Silêncio – Renata Rothstein (Desafio Desejo de Ano Novo)

O copo vazio flutua despedidas, num canto da sala.
Ausências tão presentes.
A árvore de Natal. Presentes.
Eu. Ainda presente, perdida na minha futura-ausência-talvez-sentida por alguém, pressinto no invisível sutilezas de um tudo que virá, enquanto o mundo gira sem parar, no tique-taque do antigo relógio de parede, marcado pela passagem do tempo.
Cicatrizes. As do relógio. As minhas.
Ele mostra, quase orgulhoso, suas marcas – mas, e eu? Quando foi mesmo que dominei a arte de sofrer em silêncio, já não sei.
Silenciei. Calei o tempo, parei o vento, tentei dar rumo ao lamento e no entanto, desoriento, somente esqueço, deito.

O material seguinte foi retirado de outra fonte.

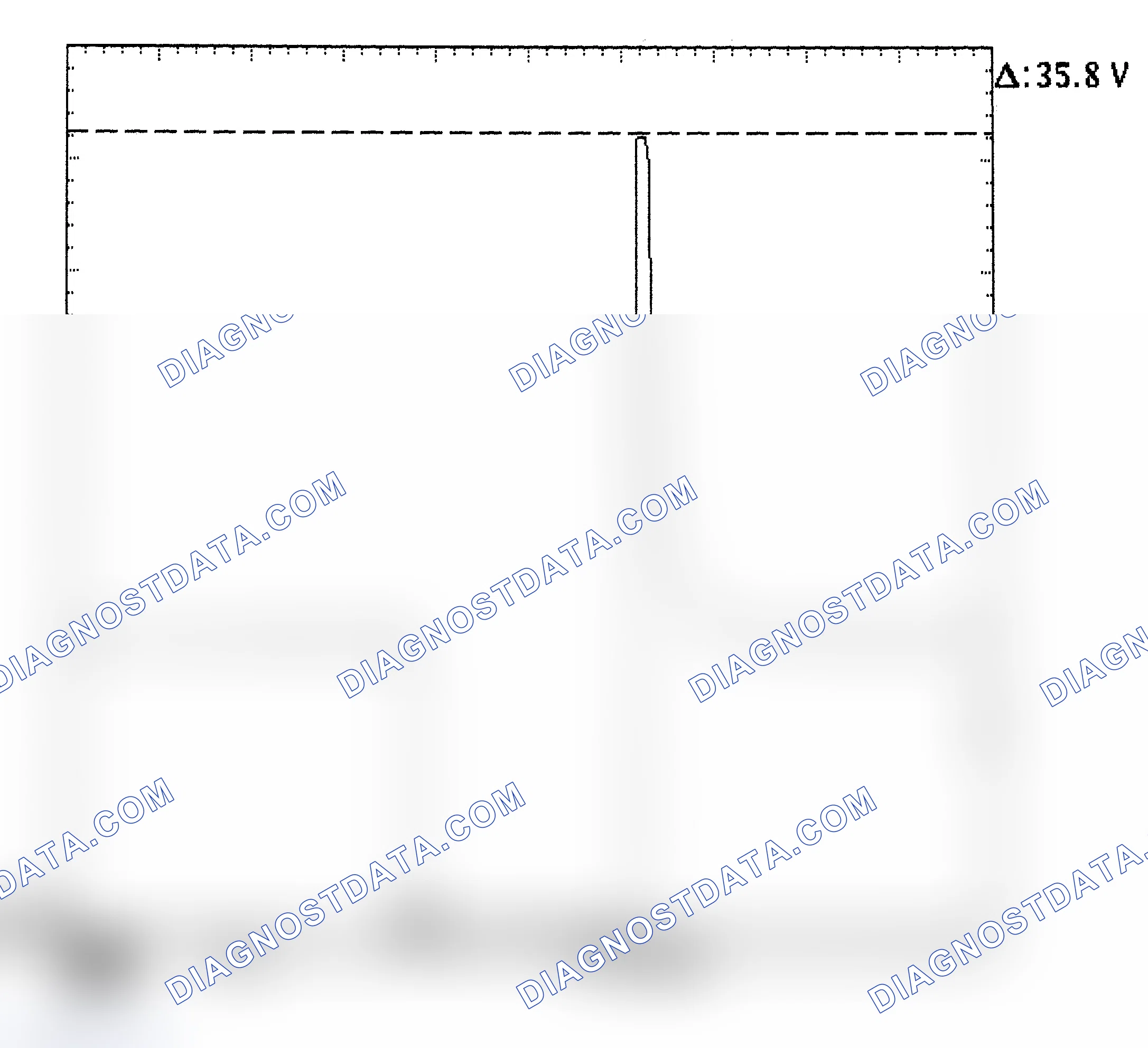 Scheme 28: Injector Bank - Known Good - Voltage Pattern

Adormeço infinitos de bronze, na tarde perdida. Leito de mármore, céu estrelado, treme, e teme: o que será, quando já não for? Espaço, história, rotina, cortina fechada, um eco.
O princípio ecoa melodias, é fim da linha e é fim do dia, a lua é melancólica e é tão tênue o resto e o rastro é sempre tão gasto e oposto, mas aposto que antes que tal o fosse, alguém – ou algo – assim determinou.
Silenciar o sim, porque o amanhã também já partiu, num trem de poeira de sonhos, esvaziando horizontes. Trajetórias.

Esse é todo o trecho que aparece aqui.